WORK INSTRUCTIONS: Go to the line with "На трассе Ямала" in the entries below and write out every line from there through the line with "31 Pitney Lane, Jackson, NJ 08527", exactly and without pictures.

EXERCISE DATA:
- Opening Delimiter -
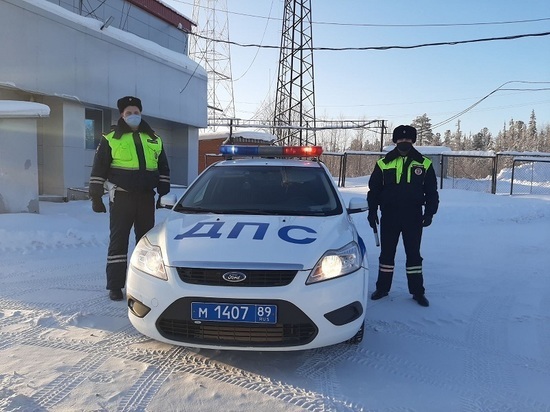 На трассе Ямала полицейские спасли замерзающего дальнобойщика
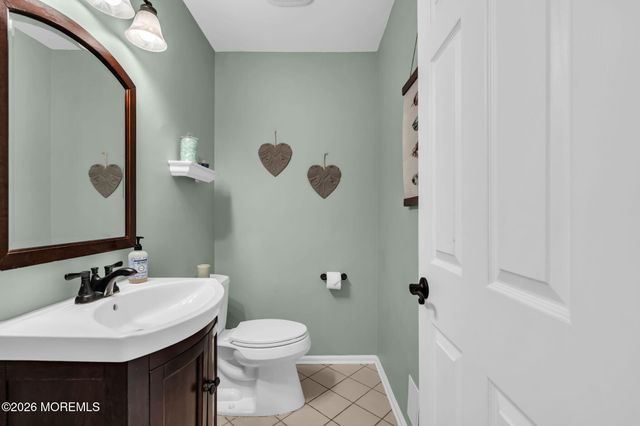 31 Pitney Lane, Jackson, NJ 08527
- Closing Delimiter -
- Opening Delimiter -
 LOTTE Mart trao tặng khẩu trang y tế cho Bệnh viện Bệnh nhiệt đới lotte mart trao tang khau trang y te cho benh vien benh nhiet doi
- Closing Delimiter -
EXERCISE ANSWER:
 На трассе Ямала полицейские спасли замерзающего дальнобойщика
 31 Pitney Lane, Jackson, NJ 08527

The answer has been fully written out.